─── DATA SUPPLIED ───

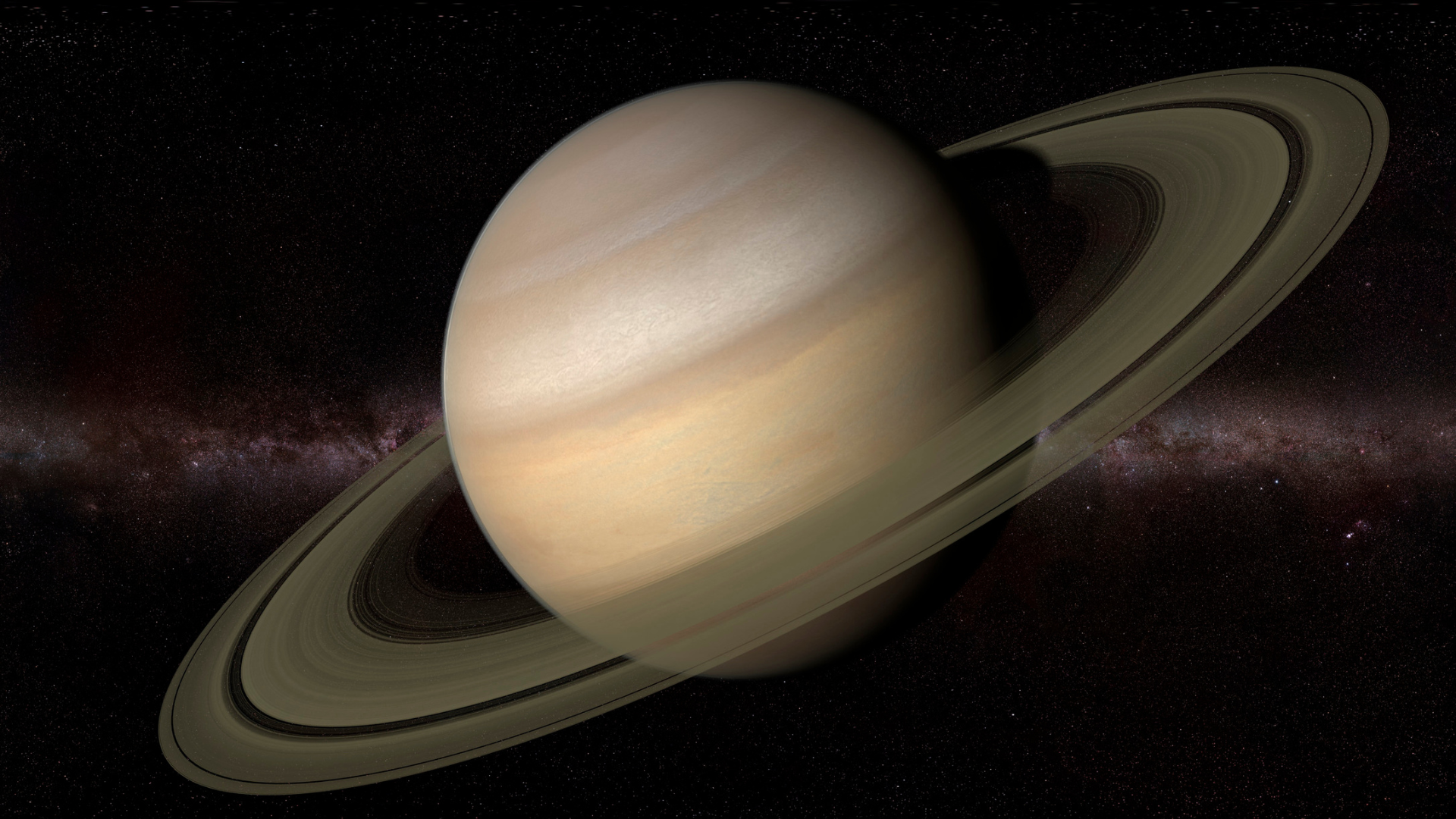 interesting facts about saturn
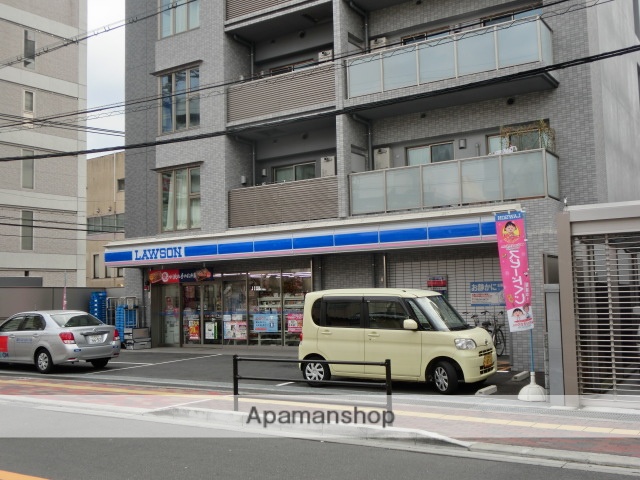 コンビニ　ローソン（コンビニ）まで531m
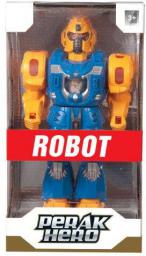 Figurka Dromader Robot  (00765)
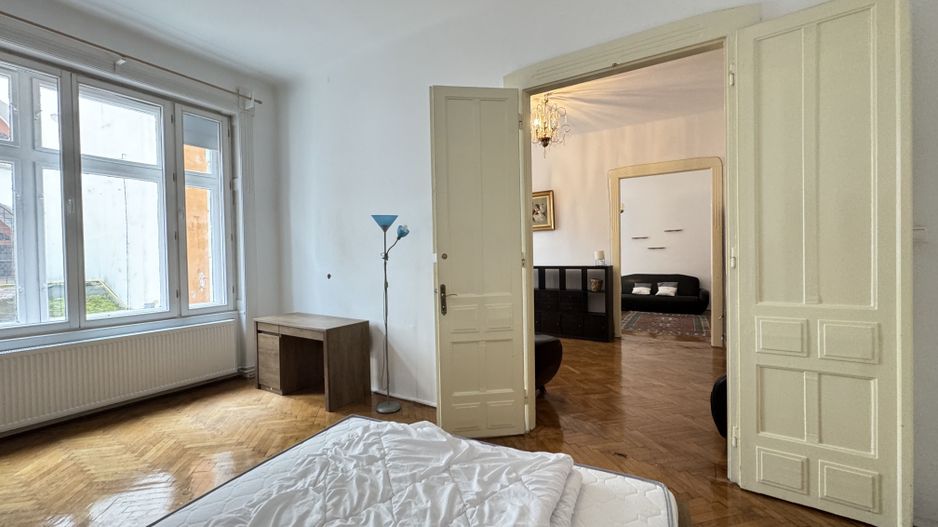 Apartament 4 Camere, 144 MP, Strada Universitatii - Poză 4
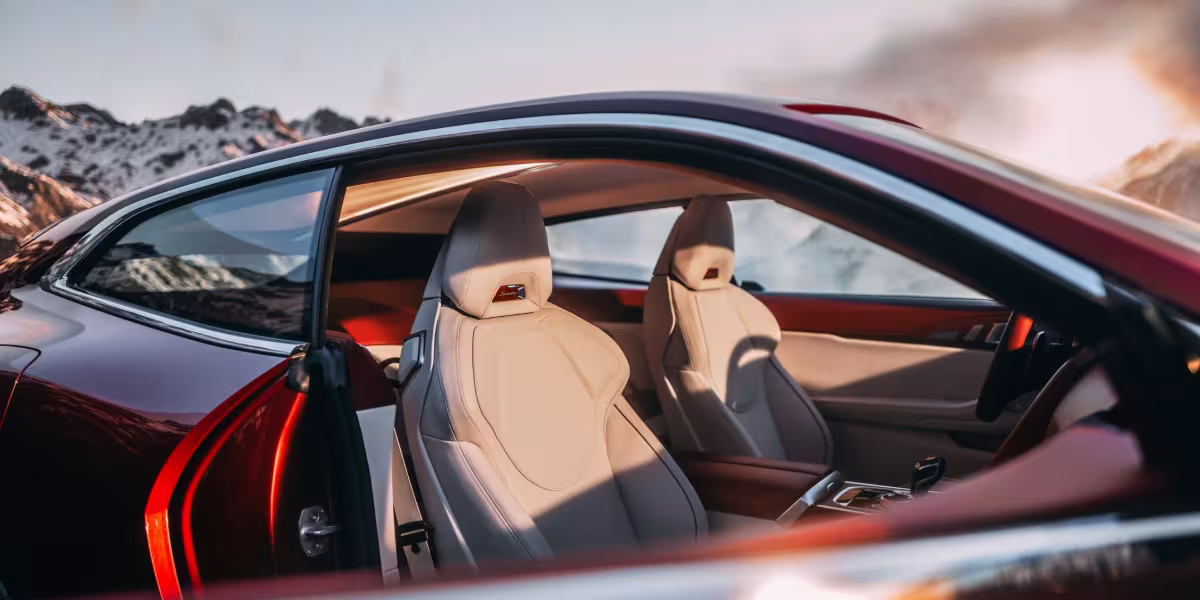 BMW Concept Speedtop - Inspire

───

## WHAT IS EXPECTED:
Both the line containing "コンビニ　ローソン（コンビニ）まで531m" and the last line of the listing above belong in the copy, along with every line between them; retype them exactly and omit the pictures.

## ANSWER BELOW:
 コンビニ　ローソン（コンビニ）まで531m
 Figurka Dromader Robot  (00765)
 Apartament 4 Camere, 144 MP, Strada Universitatii - Poză 4
 BMW Concept Speedtop - Inspire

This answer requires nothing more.